Real estate looking up, people start buying once again
The booming real estate market that received a jolt during the slowdown last October-November seems to be recovering. People are slowly purchasing, but only for personal use. Not for investment purposes.india Updated: Aug 02, 2009 14:15 IST
The booming real estate market that received a jolt during the slowdown last October-November seems to be recovering. People are slowly purchasing, but only for personal use. Not for investment purposes.
"In the last few months the real estate market has undergone major changes. The slowdown that migrated from the US has got corrected in India now. The prices have got corrected. And whatever pent up demand was there in the market has started getting converted into business," Santosh Rungta, president Confederation of Real Estate Developer's Associations of India (CREDAI), told IANS.
With 4,000 members, CREDAI is the apex body of the organised real estate developers and builders across India, representing pan-India associations of real estate and housing developers.
People were virtually not buying during the slowdown as the real estate price was high and insecurity gripped buyers.
"The government made an appeal to us that the prices should be brought down and we (CREDAI) made an appeal to our fellow developers that they should try and bring down prices, and they acted accordingly," Rungta said.
The pan-India price reduction was to the tune of 15-35 percent depending on various categories and geographies, he said.
"Today flats are being sold, but the pace could be better. Generally things have reversed. In Mumbai also, rightly priced projects have been sold. The major contributor to this is the government policy to generate demand. It brought in stimulus packages, ensured availability of liquidity to the home buyers, interest rates softened," he said.

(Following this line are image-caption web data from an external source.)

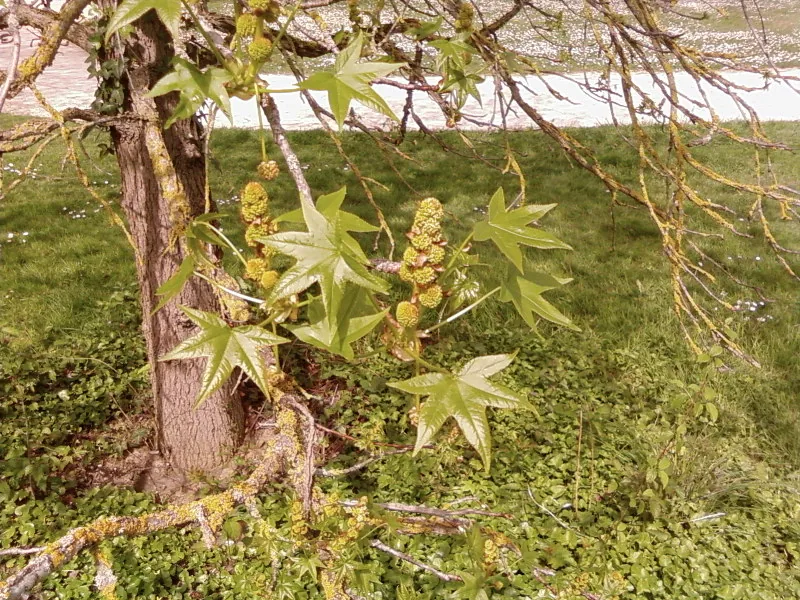 Sweetgum (Liquidambar styraciflua), photograph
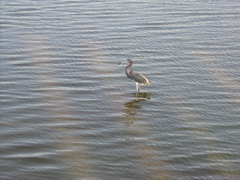 IMG_0579.JPG
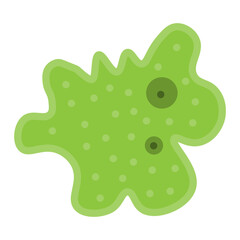 amoeba 
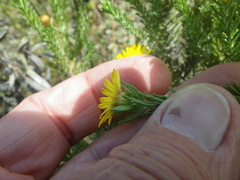 Oedera fruticosa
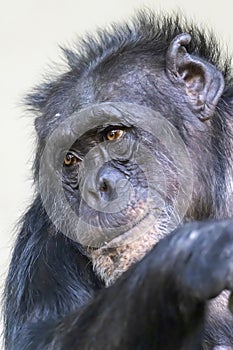 A close up chimpanzee portrait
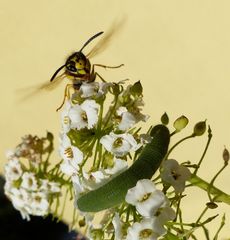 Wespe und Raupe des Kleinen Kohlweißlings 1/2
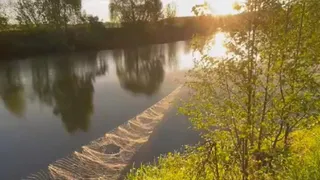 Рязанец заметил обмеление реки Вожа из-за агрохозяйства поблизости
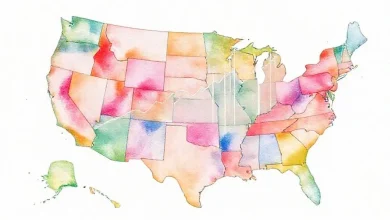 ABD'de sektörlere göre Türklerin maaş haritası ve kazanç verileri.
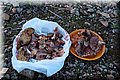 PC169101.JPG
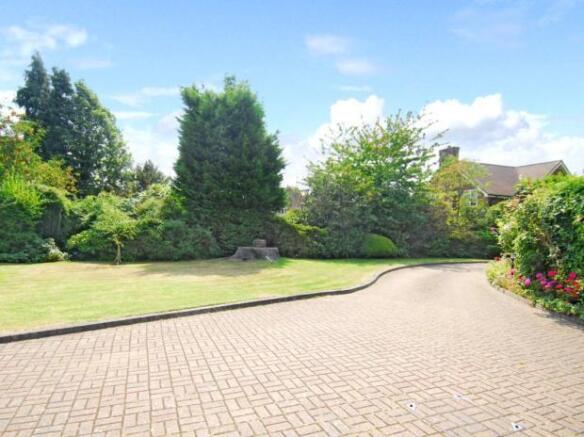 Photo 15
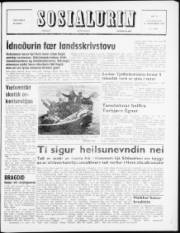 Síða 1
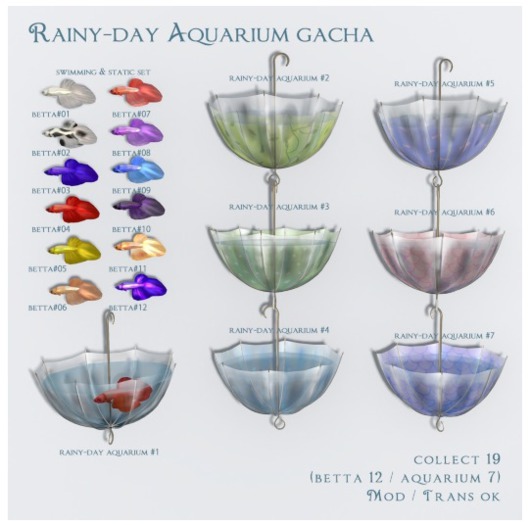 *N*Rainy-Day Aquarium #6<box>
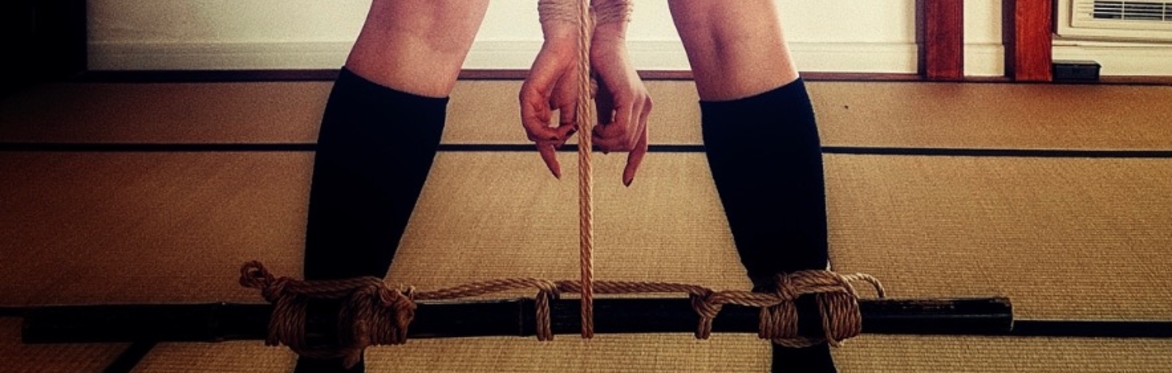 Learn Shibari -  Class 4: Predicaments & Spice  (improver+)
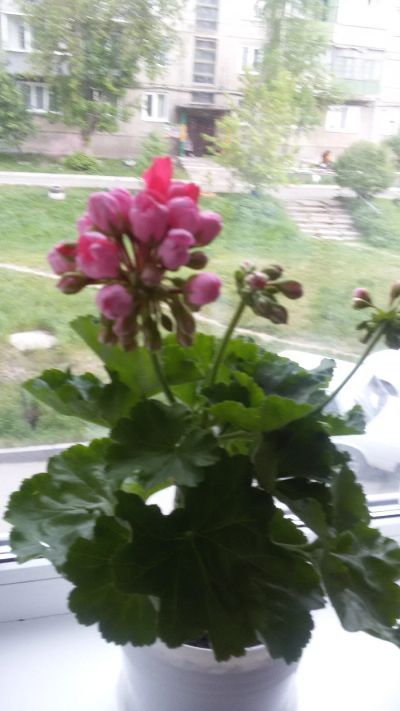 Лот: 13447137. Фото: 1. Герань (пеларгония) тюльпановидная. Горшечные растения и комнатные цветы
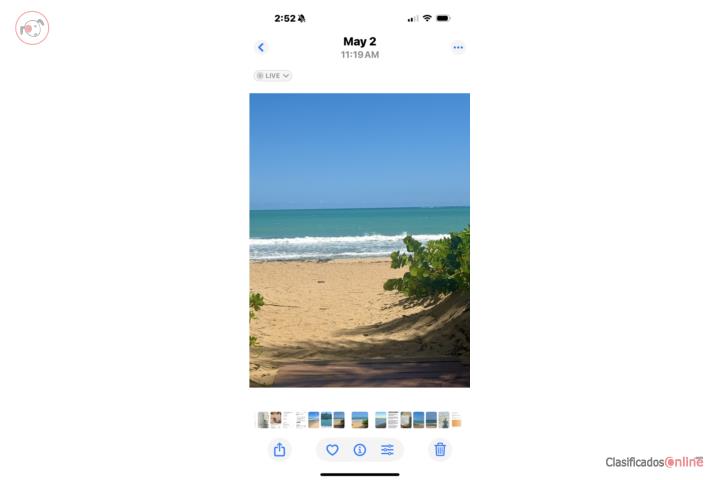 Viva en la playa, y cerca de área metro.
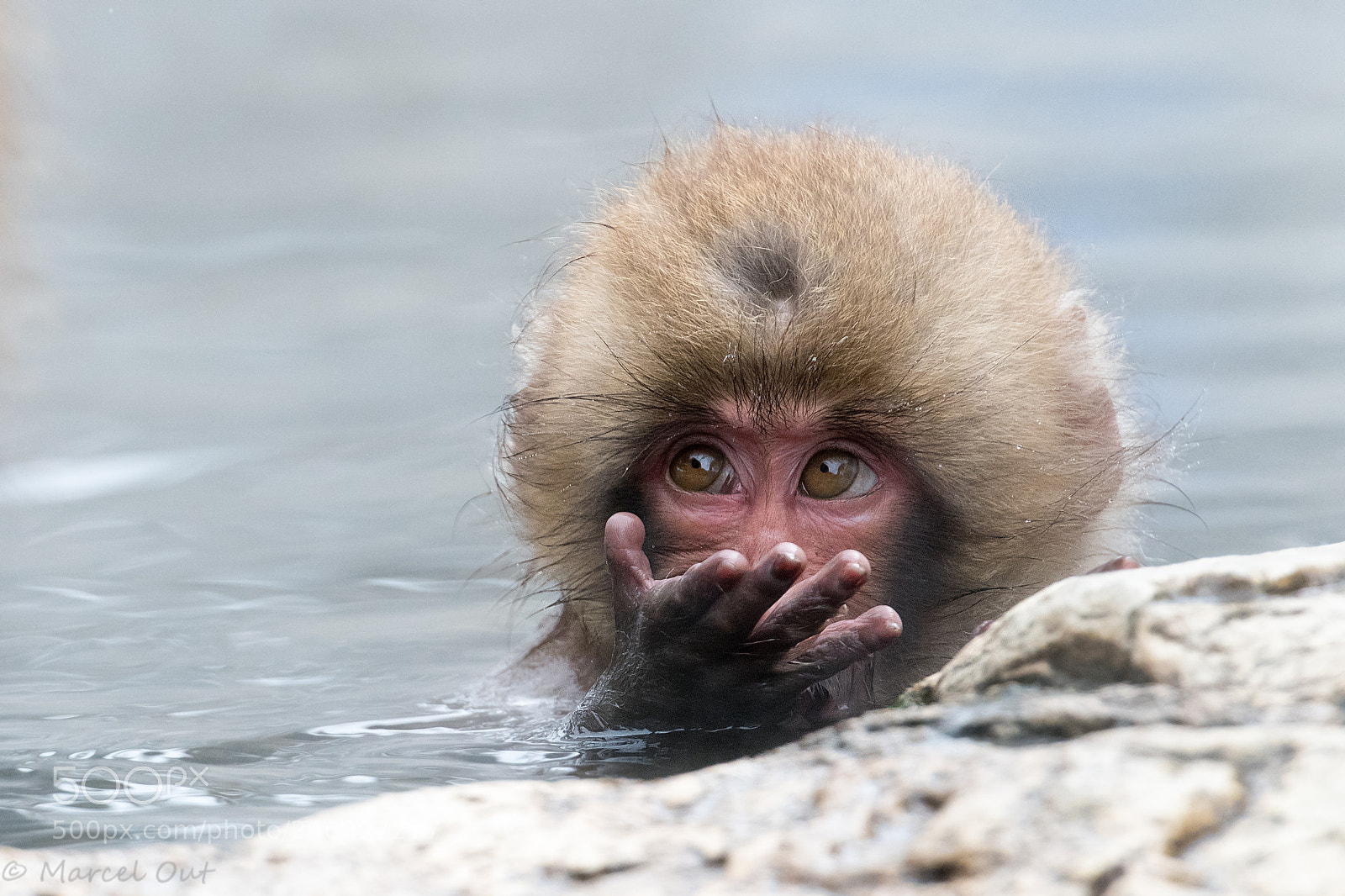 Nikon D500 sample photo. Young japanese macaque photography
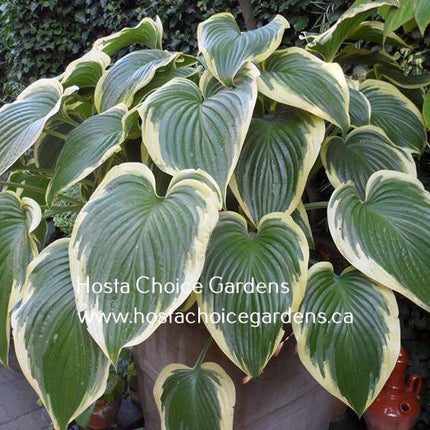"Hosta 'Victory' displaying giant variegated leaves on a mature specimen in a garden setting."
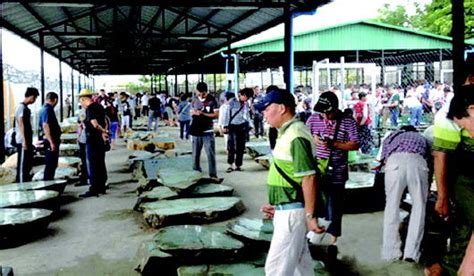緬甸翡翠批發(fā)市場,緬甸翡翠批發(fā)市場在哪里縮略圖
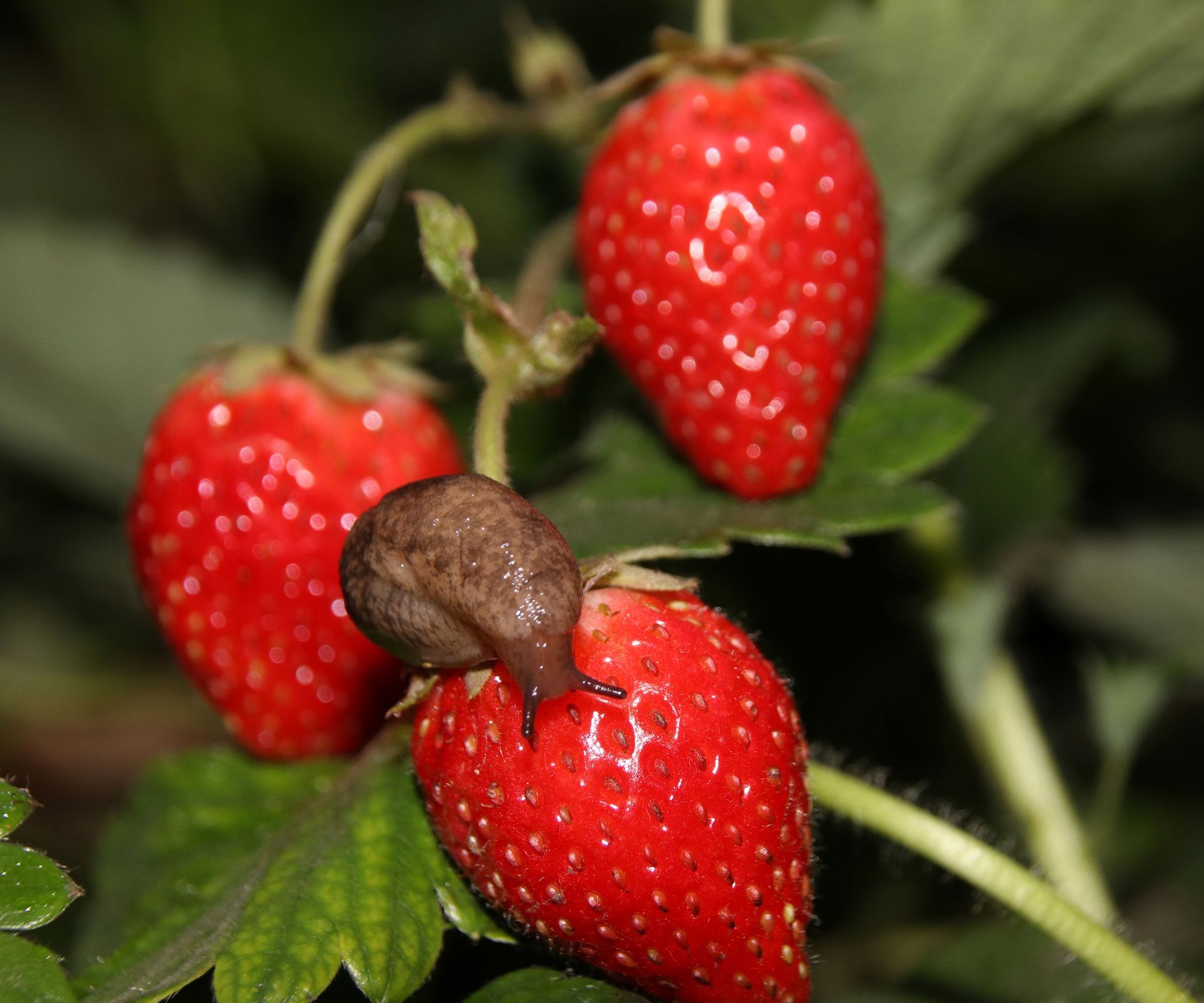 A grey slug feeding directly on a ripe red strawberry fruit, leaving ragged holes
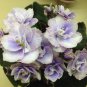 African Red Purple Mini Sky Blue Violet Bonsai 200 Seeds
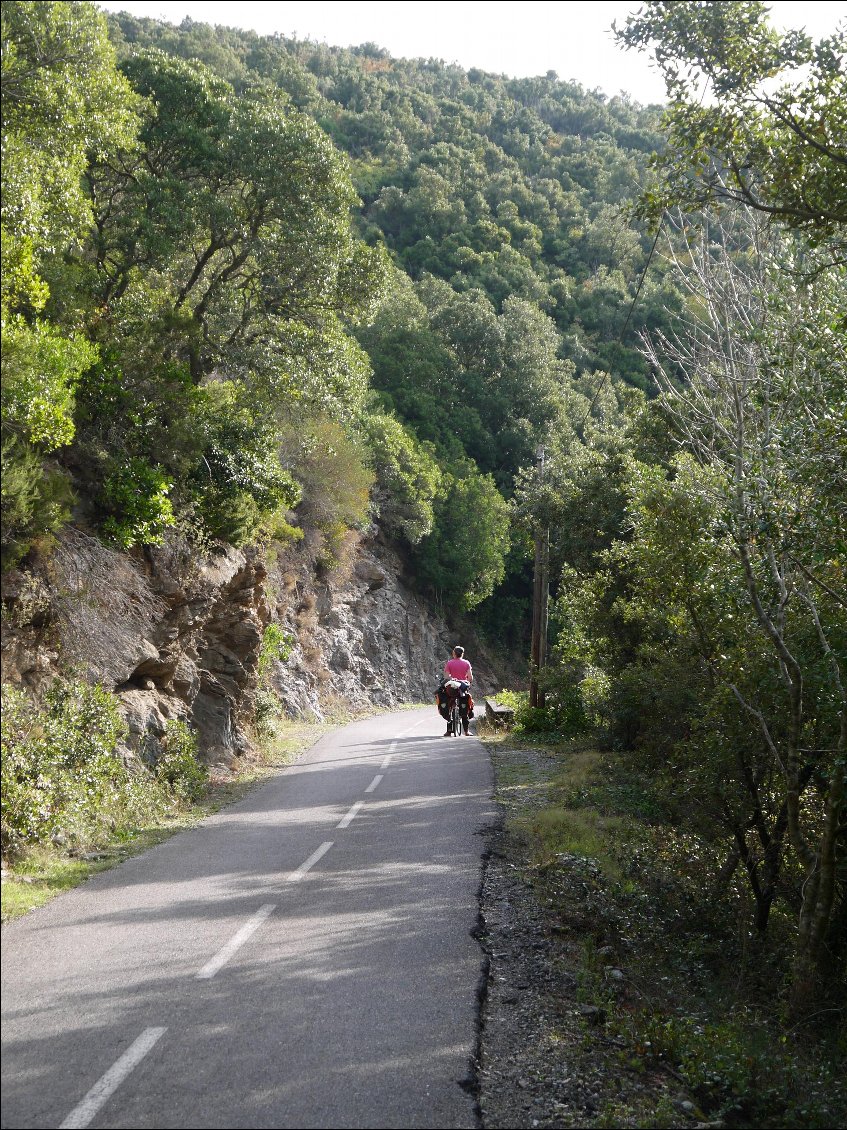 Corse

Another real estate player Indrajit De, chairman of Eden, also said housing loan lending rates cut may attract a few more buyers into the market.
"If the lending rate falls further by 50 basis points, the sales figure will climb up," he said, adding, "Certainly the market is looking up now. Sales have also improved.
"We are selling around 25-30 units (flats) per month. But it was much higher in the range of 55-60 units per month before the recession actually hit India."
Harshavardhan Neotia, chairman, Ambuja Realty Group, told IANS, "Sales have picked up in the last two-three months. There is more offtake now than what it was six months back. But now the buyers are genuine users and not just investors. These are the people who really need housing. They are lot more quality conscious and they look for the right products."
He said there was a drop of 10-15 per cent in the price during the recession period. In the last two-three months the company has sold around 200 flats, he said.
Reacting to the recent announcement by union Finance Minister Pranab Mukherjee on interest subsidy on new home loans and extension of deadline in tax holidays on projects approved by March 2008 if they are completed by March 2012, Rungta said, "One must understand that extending the tax holiday under 80 I B (10) for a mere one year to projects approved by March 2008 will fail to create a significant positive impact on the real estate market. It will only benefit a few micro markets with a handful of projects."
CREDAI has suggested the centre consider extending the dateline to March 2012 for providing tax holidays to projects irrespective of the date of approval. "This will be of greater benefit to the sector and encourage developers to take up new projects and expedite ongoing projects as well."
Rungta further said, "Even the proposed interest subsidy of one percent to home loan borrowers for loan taken for houses costing up to Rs.20 lakh is also not justified."
CREDAI has proposed that the centre increase the subsidy to home loan interest rates by another one percent to two percent and extend the scheme for houses costing upto Rs 30 lakh from the currently proposed valuation of Rs 20 lakh.